In casa nostra è stata altrettanto di parte la decisione di sospendere dai social Casapound, il vignettista Krancic e un assessore veneto per aver scherzosamente cantato, durante un’intervista e su richiesta del giornalista, la canzone “Faccetta nera”. Questo è un tipico esempio di meritocrazia” alla cinese, un Paese molto amato dal nostro premier a quanto pare, dove se la pensi come il regime bene, altrimenti niente servizi, perché per la veicolazione delle idee si è liberi soltanto di fare ciò che consente il potere.
Le piattaforme social, essendo private, sono liberissime di darsi le regole che credono purché, però, tali regola valgano per tutti.

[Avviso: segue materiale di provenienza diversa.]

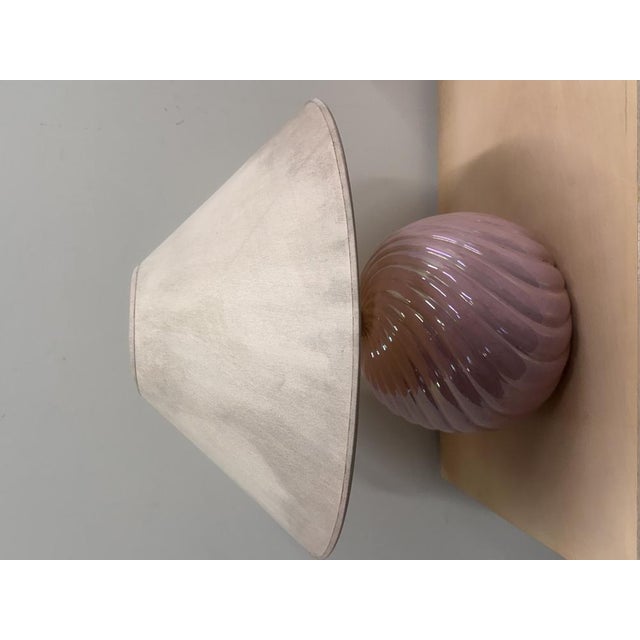 Vintage Italian Iridiscent Pink Ceramic Table Lamp, 1970s For Sale - Image 4 of 9
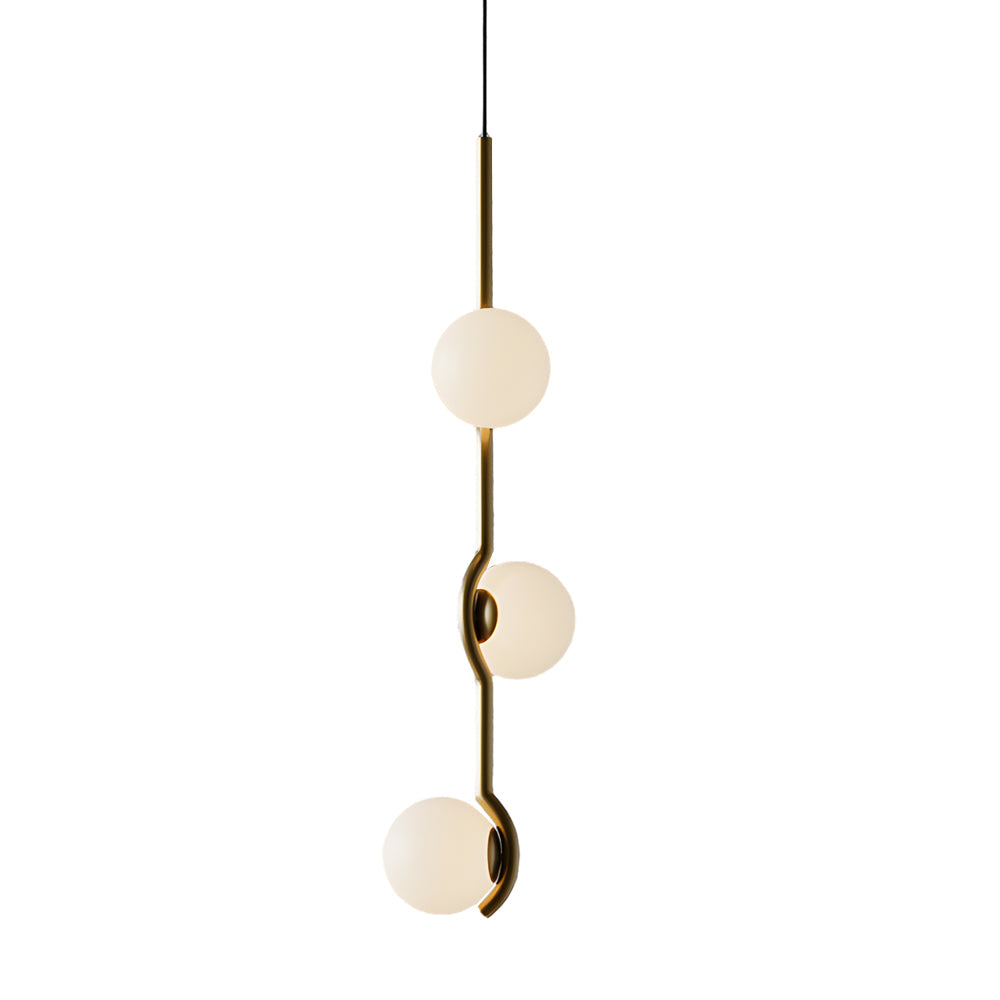 Modern Linear Glass Ball Pendant Light With 3 4 6 Light Black Gold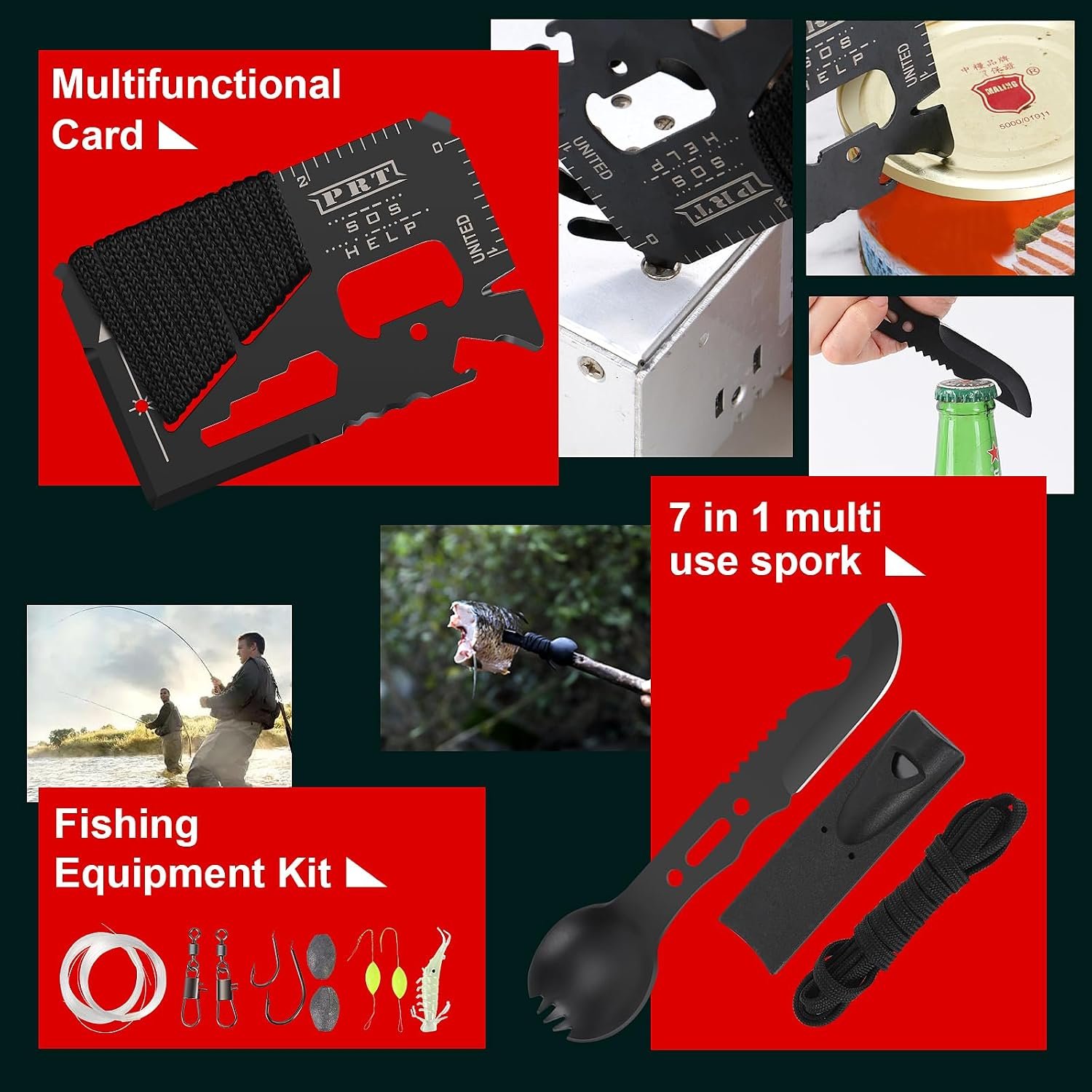 PIXATO Survival Kits, Survival Gear and Equipment 116-in-1, Emergency Kit with First Aid Kit, Tactical Pen, Fishing Kit, Headlamp for Camping, Hiking, Hunting, Gift for Mens - Image 6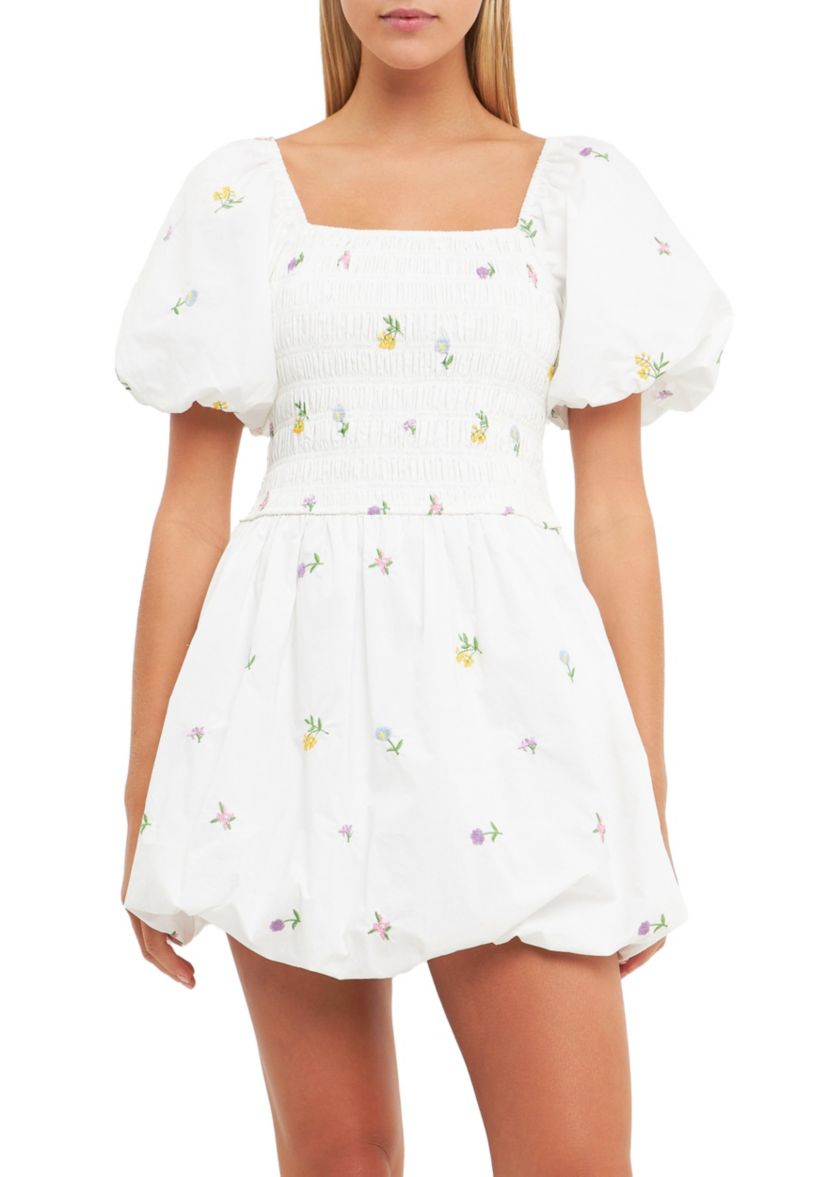 Smocked Dress with Balloon Sleeves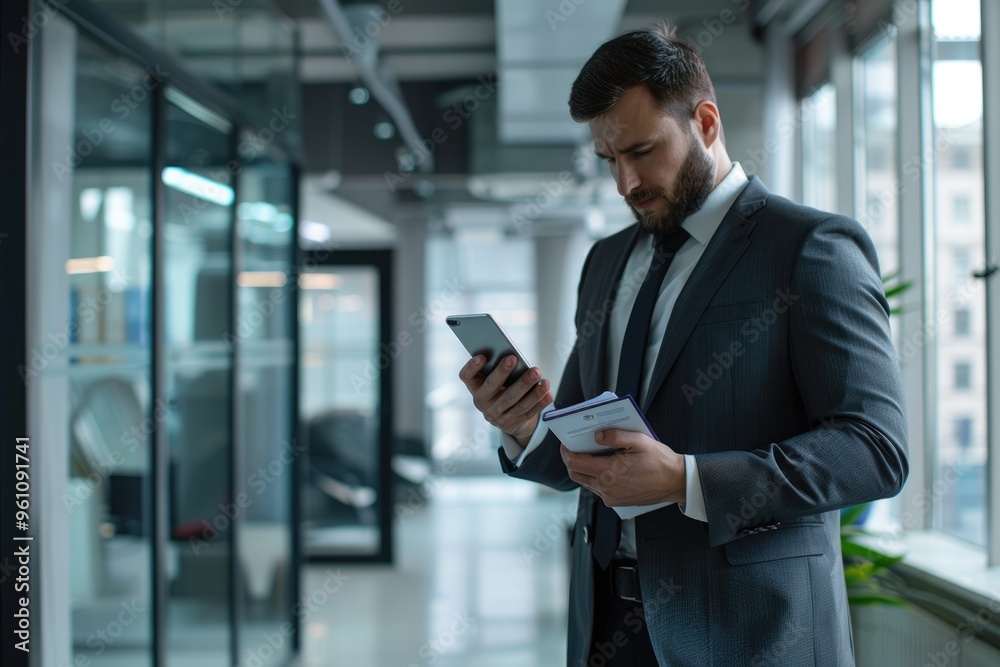Man in suit reviewing data on smartphone, professional working on the go, modern office setting Man in suit reviewing data on smartphone, professional working on the go, modern office setting
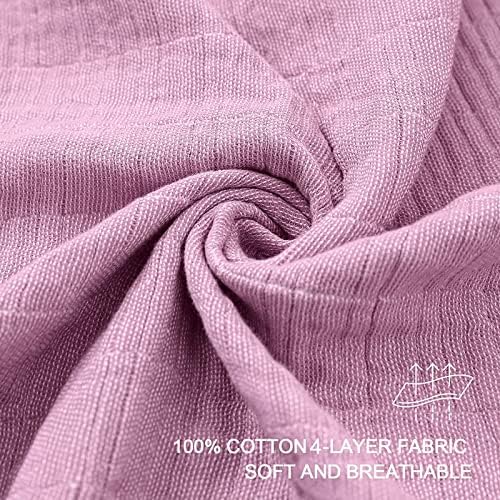 SE SOFTEXLY Muslin Throw Blanket, 4-Layer Dyed Yarn, 50”x60”, Purple - Image 3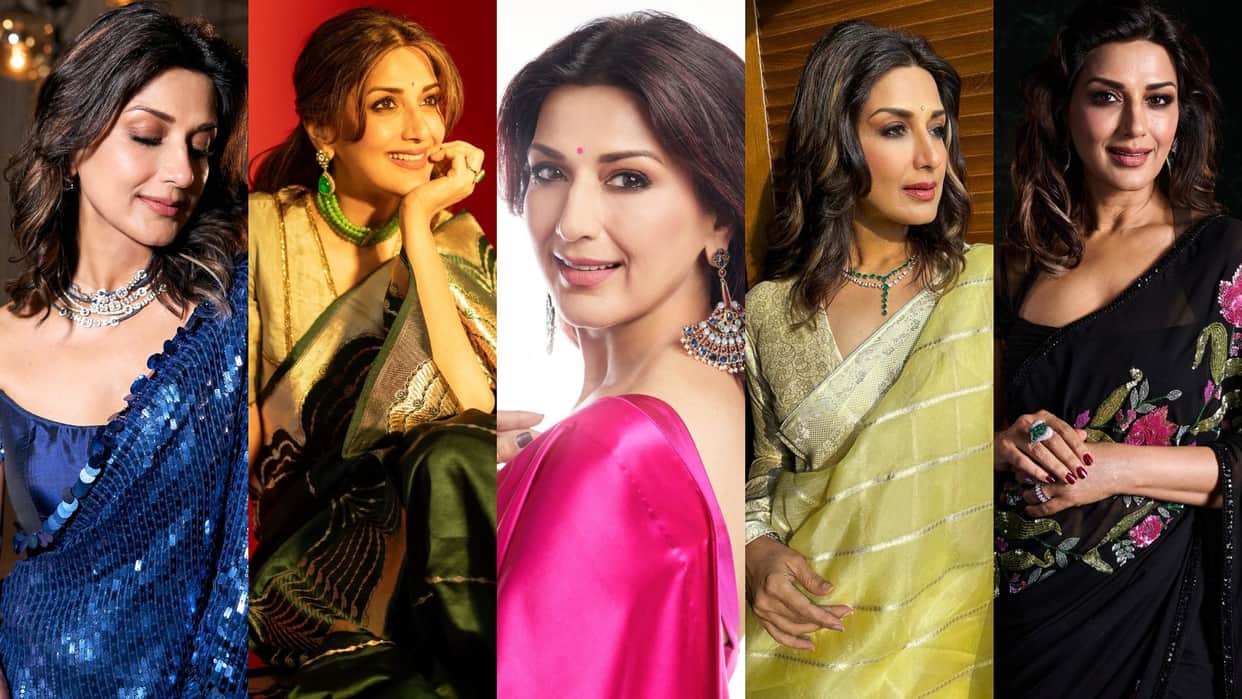 Pati Patni Aur Panga host Sonali Bendre saree looks for raksha bandhan festival 2025
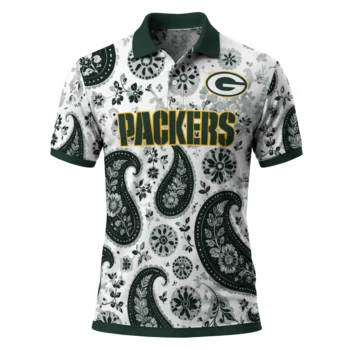 Green Bay Packers Polo Shirt Custom Paisley Florals Green White Best Selling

Fossi nei “democratici” di tutto il mondo non gioirei di queste messe al bando ideologiche dai social e mi porrei, invece, un interrogativo: che cosa succederà il giorno in cui il signor Zuckerberg venderà la sua azienda al signor Sugarmount il quale, senza cambiare il vigente regolamento, prenderà gli stessi provvedimenti contro la Sinistra e contro il presidente democratico degli USA?
È su questo interrogativo che voglio chiudere mentre sta lasciando la Casa Bianca un presidente sicuramente sopra le righe ma che – evento raro dal dopoguerra ad oggi – è stato innegabilmente il più pacifista tra i suoi predecessori e al quale la storia, prima o poi, sarà costretta a renderà giustizia.